* _TASK_: Take the records below and set down exactly the lines from the one with "Etui Guess 4G" to the one with "Florida mom arrested", ends included; do not copy the pictures.

* _RECORDS PROVIDED_:
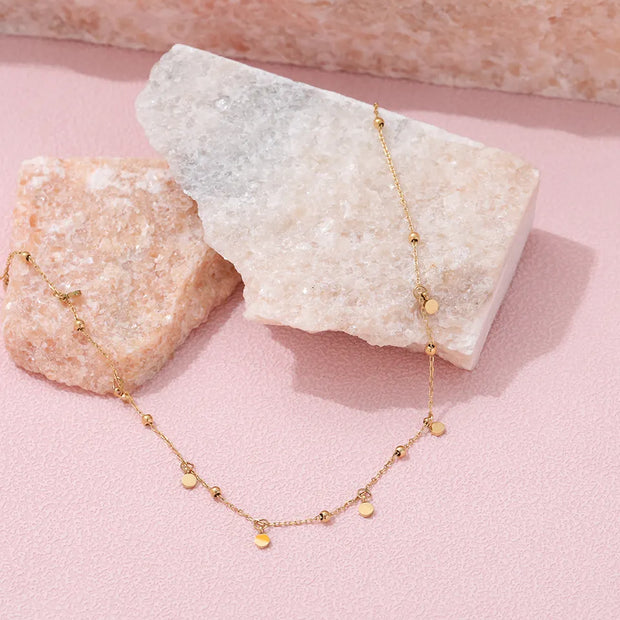 Tarnish Free - Necklace - Dainty Dots chocker style - Elizabeth Summer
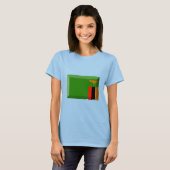 T-shirt Drapeau de Zambie (Devant entier)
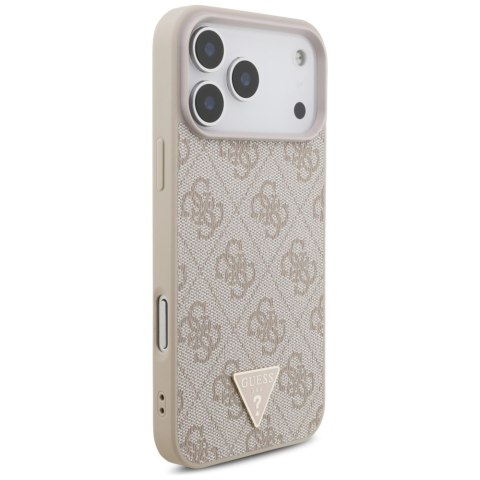 Etui Guess 4G Strap Triangle Logo MagSafe do iPhone 17 Pro Max różowy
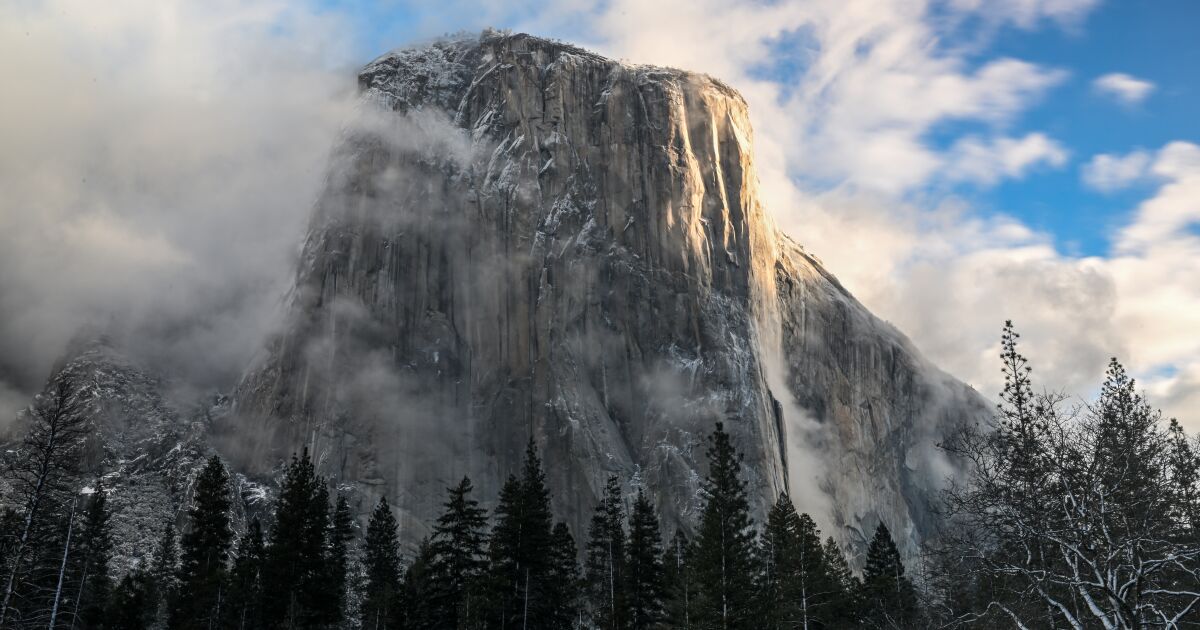 ‘It was mad’: Large rock falls from Yosemite’s El Capitan; visitor captures video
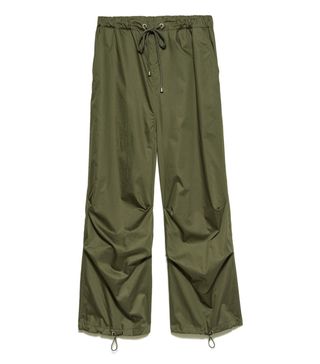 Frame + Relaxed Cotton Parachute Pants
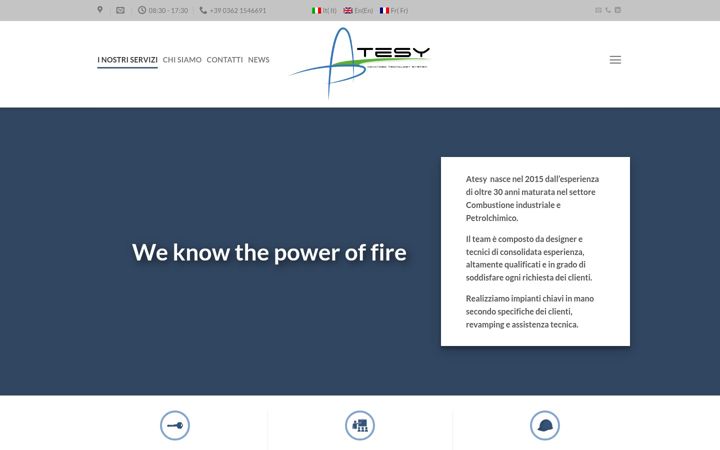Screenshot of atesy.it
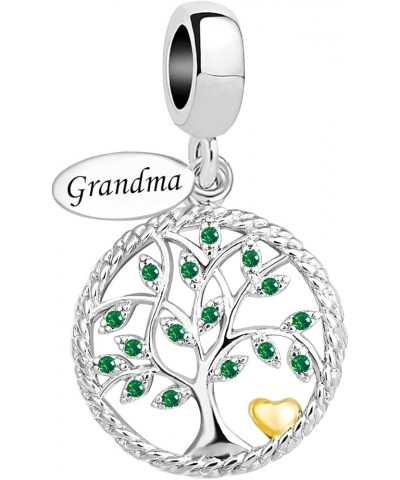 Family Tree Dangle Charm Family Forever Gold Heart Love Charms Compatible with Pandora Charm Bracelets Necklace Gift for Birt...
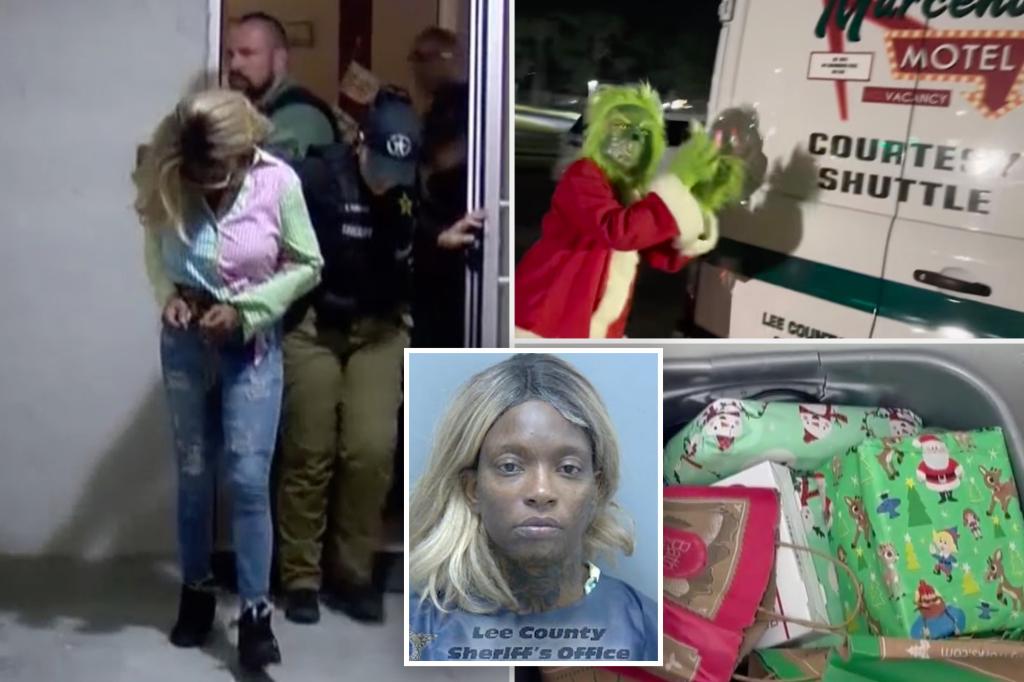 Florida mom arrested by The Grinch after she allegedly lied about thief stealing her kids’ presents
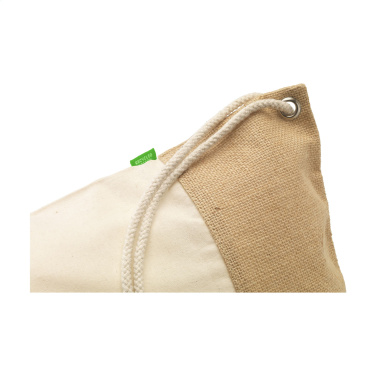 Logotrade advertising products photo of: Combi Organic Backpack (160 g/m²)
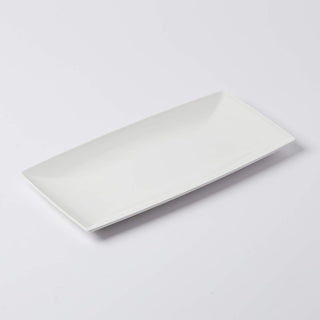American Metalcraft Dishware Plate, 16" L, White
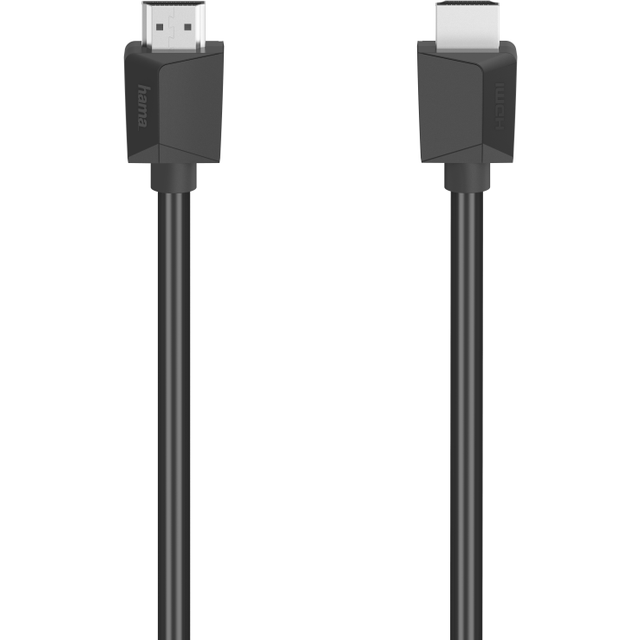 Hama high speed hdmi cable 1.5 metre supports 4k braided jacket gold-plated conn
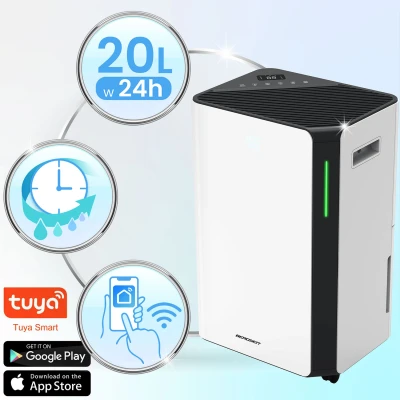 Berdsen BD-532 Kompresorový odvlhčovač 20 l/24 h, Wi-Fi, biely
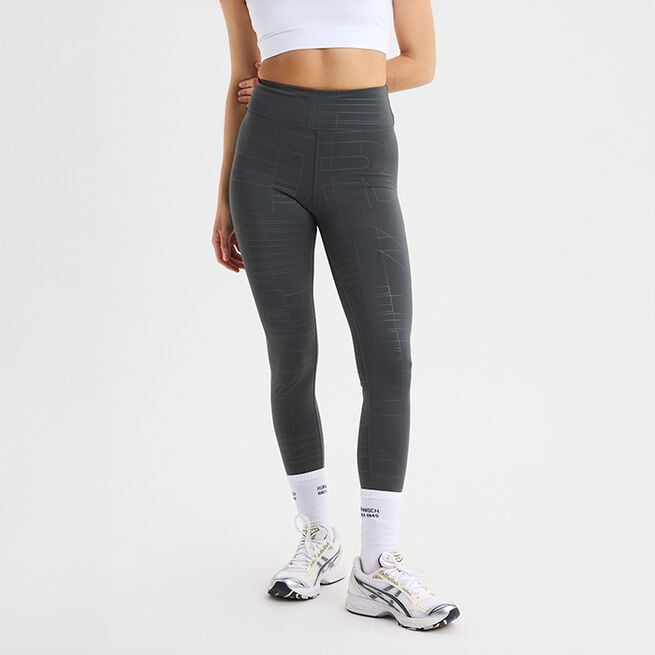 Logo Effect Emboss Tights Harmaa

* _ANSWER BOX_:
 Etui Guess 4G Strap Triangle Logo MagSafe do iPhone 17 Pro Max różowy
 ‘It was mad’: Large rock falls from Yosemite’s El Capitan; visitor captures video
 Frame + Relaxed Cotton Parachute Pants
Screenshot of atesy.it
 Family Tree Dangle Charm Family Forever Gold Heart Love Charms Compatible with Pandora Charm Bracelets Necklace Gift for Birt...
 Florida mom arrested by The Grinch after she allegedly lied about thief stealing her kids’ presents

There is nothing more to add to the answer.